With both ends included, repeat exactly the lines of the entries below from the one containing "3246 Altura Avenue A, Glendale" down to the one containing "Used 2019 Cadillac", and no others.

┏━━

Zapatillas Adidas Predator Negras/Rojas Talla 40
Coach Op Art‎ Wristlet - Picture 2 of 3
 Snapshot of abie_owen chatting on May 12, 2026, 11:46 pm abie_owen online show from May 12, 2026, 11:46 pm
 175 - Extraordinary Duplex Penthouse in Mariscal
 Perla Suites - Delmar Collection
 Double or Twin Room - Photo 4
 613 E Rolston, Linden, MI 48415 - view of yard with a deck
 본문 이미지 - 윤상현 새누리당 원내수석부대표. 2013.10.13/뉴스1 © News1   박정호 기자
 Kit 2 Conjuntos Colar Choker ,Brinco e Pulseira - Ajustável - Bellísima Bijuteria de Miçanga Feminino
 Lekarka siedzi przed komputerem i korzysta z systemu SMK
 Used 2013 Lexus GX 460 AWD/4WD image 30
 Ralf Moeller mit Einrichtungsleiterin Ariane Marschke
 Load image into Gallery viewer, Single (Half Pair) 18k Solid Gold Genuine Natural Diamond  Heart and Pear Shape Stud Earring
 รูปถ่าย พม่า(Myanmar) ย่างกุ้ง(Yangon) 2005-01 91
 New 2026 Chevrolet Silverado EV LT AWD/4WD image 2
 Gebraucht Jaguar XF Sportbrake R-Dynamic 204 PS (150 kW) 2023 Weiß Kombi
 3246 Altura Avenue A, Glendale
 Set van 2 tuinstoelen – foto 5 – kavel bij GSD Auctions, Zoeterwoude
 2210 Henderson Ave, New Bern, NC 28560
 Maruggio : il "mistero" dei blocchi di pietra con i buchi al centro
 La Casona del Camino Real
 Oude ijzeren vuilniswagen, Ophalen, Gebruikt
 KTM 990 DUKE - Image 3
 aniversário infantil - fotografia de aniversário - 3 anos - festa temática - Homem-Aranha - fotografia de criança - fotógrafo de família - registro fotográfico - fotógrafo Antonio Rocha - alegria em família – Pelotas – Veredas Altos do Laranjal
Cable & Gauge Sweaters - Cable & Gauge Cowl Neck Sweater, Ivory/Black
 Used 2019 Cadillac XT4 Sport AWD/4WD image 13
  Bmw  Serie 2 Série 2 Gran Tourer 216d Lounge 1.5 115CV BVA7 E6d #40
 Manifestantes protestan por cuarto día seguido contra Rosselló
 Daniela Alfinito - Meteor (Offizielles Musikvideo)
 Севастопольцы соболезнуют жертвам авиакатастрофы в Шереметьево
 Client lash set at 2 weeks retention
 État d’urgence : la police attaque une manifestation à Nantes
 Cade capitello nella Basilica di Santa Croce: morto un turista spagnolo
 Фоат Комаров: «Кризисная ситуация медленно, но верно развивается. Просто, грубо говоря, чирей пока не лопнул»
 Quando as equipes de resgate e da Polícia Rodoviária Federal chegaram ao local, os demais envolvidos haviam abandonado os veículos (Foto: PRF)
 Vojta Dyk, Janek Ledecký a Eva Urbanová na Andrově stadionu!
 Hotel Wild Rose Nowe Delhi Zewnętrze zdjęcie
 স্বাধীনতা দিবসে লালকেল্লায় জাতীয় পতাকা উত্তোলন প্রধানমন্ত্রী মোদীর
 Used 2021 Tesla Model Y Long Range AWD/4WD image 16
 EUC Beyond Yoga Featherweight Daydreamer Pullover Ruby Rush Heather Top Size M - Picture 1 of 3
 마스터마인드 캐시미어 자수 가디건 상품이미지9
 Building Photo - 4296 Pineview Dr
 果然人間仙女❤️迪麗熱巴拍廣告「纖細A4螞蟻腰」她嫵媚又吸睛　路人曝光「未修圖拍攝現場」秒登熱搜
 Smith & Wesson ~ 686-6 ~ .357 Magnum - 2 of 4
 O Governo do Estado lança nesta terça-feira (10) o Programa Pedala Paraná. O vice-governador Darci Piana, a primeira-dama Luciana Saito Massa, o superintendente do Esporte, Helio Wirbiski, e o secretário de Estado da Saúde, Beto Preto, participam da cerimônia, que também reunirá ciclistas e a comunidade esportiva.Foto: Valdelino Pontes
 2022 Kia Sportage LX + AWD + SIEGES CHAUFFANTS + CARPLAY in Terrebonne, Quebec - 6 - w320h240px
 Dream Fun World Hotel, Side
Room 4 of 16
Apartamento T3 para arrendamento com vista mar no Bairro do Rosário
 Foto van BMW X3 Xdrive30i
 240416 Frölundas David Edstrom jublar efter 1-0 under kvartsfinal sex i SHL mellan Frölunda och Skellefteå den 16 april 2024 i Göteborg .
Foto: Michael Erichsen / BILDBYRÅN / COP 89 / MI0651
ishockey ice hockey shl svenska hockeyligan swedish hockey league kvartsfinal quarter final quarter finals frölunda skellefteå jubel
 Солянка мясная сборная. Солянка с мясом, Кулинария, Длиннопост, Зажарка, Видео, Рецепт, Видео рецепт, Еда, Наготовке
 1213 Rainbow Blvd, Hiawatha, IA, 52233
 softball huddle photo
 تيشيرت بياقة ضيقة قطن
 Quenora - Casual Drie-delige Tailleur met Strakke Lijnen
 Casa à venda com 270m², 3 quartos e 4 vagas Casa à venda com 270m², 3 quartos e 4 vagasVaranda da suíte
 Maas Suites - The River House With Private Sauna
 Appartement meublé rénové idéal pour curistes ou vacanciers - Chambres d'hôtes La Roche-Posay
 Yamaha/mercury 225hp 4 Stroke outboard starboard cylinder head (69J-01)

┗━━

* **Response to this task**
 3246 Altura Avenue A, Glendale
 Set van 2 tuinstoelen – foto 5 – kavel bij GSD Auctions, Zoeterwoude
 2210 Henderson Ave, New Bern, NC 28560
 Maruggio : il "mistero" dei blocchi di pietra con i buchi al centro
 La Casona del Camino Real
 Oude ijzeren vuilniswagen, Ophalen, Gebruikt
 KTM 990 DUKE - Image 3
 aniversário infantil - fotografia de aniversário - 3 anos - festa temática - Homem-Aranha - fotografia de criança - fotógrafo de família - registro fotográfico - fotógrafo Antonio Rocha - alegria em família – Pelotas – Veredas Altos do Laranjal
Cable & Gauge Sweaters - Cable & Gauge Cowl Neck Sweater, Ivory/Black
 Used 2019 Cadillac XT4 Sport AWD/4WD image 13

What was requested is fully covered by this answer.